6 Festival De Performance De Cali, 2006

Pistoletto, jurors and awardeees at the Serpentine, London

The first Visible Prize, a new €25,000 award, was presented to Colombian art collective Helena Producciones, for their project 8 Festival de la Performance di Cali. The prize, created by Italian artist Michelangelo Pistoletto in collaboration with the Fondazione Zegna, is dedicated to rewarding artists who aim to bring about social change.

Four finalists were selected from 27 submissions by an all-star jury: Michelangelo Pistoletto; Ute Meta Bauer, director of the visual arts programme at MIT; Hans-Ulrich Obrist, of London’s Serpentine Gallery, Okwui Enwezor; the director of the Haus der Kunst, Munich; and Andrea Zegna, the co-founder of the Fondazione Zegna.

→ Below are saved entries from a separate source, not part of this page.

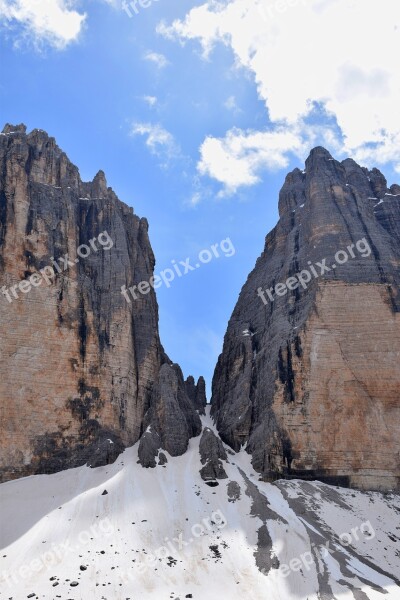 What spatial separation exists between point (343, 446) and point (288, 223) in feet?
105

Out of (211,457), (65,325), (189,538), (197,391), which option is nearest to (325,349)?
(211,457)

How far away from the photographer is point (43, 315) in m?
47.7

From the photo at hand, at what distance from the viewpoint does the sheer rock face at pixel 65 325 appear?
44062 mm

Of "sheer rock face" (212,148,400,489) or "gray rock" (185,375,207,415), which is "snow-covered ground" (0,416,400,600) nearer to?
"sheer rock face" (212,148,400,489)

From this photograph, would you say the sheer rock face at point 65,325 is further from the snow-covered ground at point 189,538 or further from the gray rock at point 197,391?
the gray rock at point 197,391

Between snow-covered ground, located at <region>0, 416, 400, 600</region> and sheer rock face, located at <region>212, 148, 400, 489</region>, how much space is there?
350 cm

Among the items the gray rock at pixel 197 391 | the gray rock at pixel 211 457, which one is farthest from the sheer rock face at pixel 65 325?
the gray rock at pixel 197 391

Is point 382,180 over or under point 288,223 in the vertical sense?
over

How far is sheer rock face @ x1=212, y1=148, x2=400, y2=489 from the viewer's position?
1756 inches

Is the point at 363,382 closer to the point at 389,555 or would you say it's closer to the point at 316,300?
the point at 316,300

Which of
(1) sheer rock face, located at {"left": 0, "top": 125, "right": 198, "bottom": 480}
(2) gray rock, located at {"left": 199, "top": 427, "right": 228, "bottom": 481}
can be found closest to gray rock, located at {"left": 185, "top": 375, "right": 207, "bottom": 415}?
(1) sheer rock face, located at {"left": 0, "top": 125, "right": 198, "bottom": 480}

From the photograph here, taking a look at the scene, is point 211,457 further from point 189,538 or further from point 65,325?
point 65,325

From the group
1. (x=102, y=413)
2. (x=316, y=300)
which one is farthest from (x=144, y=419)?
(x=316, y=300)

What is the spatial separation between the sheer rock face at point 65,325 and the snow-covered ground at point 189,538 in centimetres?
356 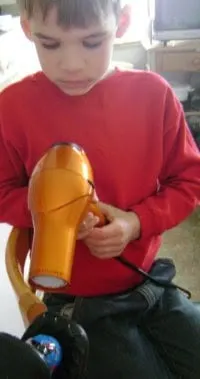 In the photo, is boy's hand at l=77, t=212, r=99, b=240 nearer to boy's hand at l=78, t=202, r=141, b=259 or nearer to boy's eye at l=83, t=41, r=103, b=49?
boy's hand at l=78, t=202, r=141, b=259

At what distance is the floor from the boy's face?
106cm

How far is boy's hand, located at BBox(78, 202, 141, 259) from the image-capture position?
793mm

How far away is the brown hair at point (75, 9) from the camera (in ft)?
2.25

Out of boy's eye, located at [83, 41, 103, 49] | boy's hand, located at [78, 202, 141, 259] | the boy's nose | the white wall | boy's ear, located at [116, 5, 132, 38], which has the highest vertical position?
boy's ear, located at [116, 5, 132, 38]

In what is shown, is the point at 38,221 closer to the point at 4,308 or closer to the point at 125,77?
the point at 125,77

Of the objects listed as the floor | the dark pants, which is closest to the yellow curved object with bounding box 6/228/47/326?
the dark pants


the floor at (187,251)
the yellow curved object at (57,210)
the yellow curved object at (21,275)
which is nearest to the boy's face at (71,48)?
the yellow curved object at (57,210)

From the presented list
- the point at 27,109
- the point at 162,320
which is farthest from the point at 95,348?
the point at 27,109

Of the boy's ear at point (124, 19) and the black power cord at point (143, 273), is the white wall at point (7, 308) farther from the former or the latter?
the boy's ear at point (124, 19)

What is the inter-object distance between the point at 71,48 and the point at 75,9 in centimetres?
6

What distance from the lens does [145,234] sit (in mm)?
866

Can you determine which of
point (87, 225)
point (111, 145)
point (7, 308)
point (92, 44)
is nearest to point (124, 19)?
point (92, 44)

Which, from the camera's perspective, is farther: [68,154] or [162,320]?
[162,320]

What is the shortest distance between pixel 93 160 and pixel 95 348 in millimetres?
313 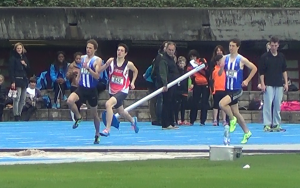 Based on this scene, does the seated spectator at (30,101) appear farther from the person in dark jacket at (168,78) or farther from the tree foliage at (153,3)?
the person in dark jacket at (168,78)

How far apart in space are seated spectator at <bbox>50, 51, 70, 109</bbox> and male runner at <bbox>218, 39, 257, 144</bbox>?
953 cm

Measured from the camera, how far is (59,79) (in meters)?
27.2

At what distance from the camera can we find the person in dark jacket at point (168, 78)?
875 inches

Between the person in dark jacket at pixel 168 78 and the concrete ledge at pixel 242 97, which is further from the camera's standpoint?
the concrete ledge at pixel 242 97

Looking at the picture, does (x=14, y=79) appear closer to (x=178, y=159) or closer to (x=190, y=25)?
(x=190, y=25)

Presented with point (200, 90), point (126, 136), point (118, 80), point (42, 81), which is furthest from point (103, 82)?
point (118, 80)

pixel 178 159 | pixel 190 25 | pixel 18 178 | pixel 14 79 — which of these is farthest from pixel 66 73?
pixel 18 178

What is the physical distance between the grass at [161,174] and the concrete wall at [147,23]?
14.3 meters

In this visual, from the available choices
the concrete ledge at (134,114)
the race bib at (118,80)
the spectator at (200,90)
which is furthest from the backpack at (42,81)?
the race bib at (118,80)

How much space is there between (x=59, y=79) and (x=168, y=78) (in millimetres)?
5466

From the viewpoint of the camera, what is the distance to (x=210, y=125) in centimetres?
2453

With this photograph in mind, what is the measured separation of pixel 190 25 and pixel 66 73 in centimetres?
439

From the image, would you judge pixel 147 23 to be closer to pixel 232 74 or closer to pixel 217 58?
pixel 217 58

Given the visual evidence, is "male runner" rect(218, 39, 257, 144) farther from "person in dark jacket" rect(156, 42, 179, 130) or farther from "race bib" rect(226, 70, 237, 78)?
"person in dark jacket" rect(156, 42, 179, 130) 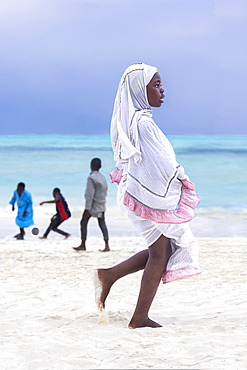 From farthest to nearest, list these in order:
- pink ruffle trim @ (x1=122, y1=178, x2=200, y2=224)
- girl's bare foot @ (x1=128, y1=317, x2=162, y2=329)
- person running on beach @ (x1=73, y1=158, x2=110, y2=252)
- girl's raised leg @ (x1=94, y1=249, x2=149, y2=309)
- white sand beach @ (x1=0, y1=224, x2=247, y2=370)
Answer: person running on beach @ (x1=73, y1=158, x2=110, y2=252)
girl's raised leg @ (x1=94, y1=249, x2=149, y2=309)
girl's bare foot @ (x1=128, y1=317, x2=162, y2=329)
pink ruffle trim @ (x1=122, y1=178, x2=200, y2=224)
white sand beach @ (x1=0, y1=224, x2=247, y2=370)

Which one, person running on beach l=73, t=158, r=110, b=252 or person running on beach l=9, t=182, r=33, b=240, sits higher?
person running on beach l=73, t=158, r=110, b=252

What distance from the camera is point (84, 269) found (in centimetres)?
684

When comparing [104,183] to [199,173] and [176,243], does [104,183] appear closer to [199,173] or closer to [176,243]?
[176,243]

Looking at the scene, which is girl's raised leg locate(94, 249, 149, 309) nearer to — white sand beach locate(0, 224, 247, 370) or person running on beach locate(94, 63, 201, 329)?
person running on beach locate(94, 63, 201, 329)

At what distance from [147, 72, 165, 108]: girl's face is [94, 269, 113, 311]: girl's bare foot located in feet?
3.91

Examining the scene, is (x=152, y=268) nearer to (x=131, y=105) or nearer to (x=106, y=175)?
(x=131, y=105)

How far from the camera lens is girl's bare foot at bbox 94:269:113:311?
388 centimetres


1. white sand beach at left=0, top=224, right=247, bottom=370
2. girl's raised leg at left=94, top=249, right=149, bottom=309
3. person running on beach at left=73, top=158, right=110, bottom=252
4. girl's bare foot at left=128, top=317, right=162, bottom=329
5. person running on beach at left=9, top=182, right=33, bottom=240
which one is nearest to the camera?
white sand beach at left=0, top=224, right=247, bottom=370

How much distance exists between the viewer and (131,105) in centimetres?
364

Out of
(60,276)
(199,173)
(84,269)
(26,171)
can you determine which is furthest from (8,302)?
(26,171)

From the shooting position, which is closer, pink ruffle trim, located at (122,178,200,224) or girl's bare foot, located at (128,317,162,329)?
pink ruffle trim, located at (122,178,200,224)

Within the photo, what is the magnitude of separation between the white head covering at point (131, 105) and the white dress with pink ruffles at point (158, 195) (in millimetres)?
52

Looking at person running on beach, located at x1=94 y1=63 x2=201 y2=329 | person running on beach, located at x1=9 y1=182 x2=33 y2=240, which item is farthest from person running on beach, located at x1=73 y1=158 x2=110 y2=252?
person running on beach, located at x1=94 y1=63 x2=201 y2=329

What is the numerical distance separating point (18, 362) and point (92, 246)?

The collaboration between Zegna and Pistoletto goes way back- the Italian company has funded Cittadellarte-Fondazione Pistoletto since its inception in 2000, with Visible, a research project curated by Angelika Burtscher and Judith Wielander, being one of FP’s more recent endeavors, and the Visible Prize being the most recent sub-project of that. Get it? Here’s that complex chain of relations in graphic form:

Zegna Foundation > Fondazione Pistoletto > CittadellArte > Visible project > Visible Prize

The Zegna Foundation, based in Trivero, Italy, aims “to give continuity to the values, philosophy and work of Ermenegildo Zegna”, who founded the wool mill there in 1910.

The Foundazione Pistoletto is “a non-profit artistic institution whose mission is “to inspire and produce responsible changes in society through creative ideas and projects”.

Cittadellarte was instituted in 1998 as a concrete action of Pistoletto’s Progetto Arte Manifesto, where the artist proposed “placing art in direct interaction with all the areas of human activity which form society.”

Visible, the project, aims to “reveal and invigorate artistic practices which have a real capacity for creating and experimenting with visions that can impact the social and cultural imagination of our contemporary world.”

With all this goodwill, money and organization, somewhere in Colombia, someone must be benefiting.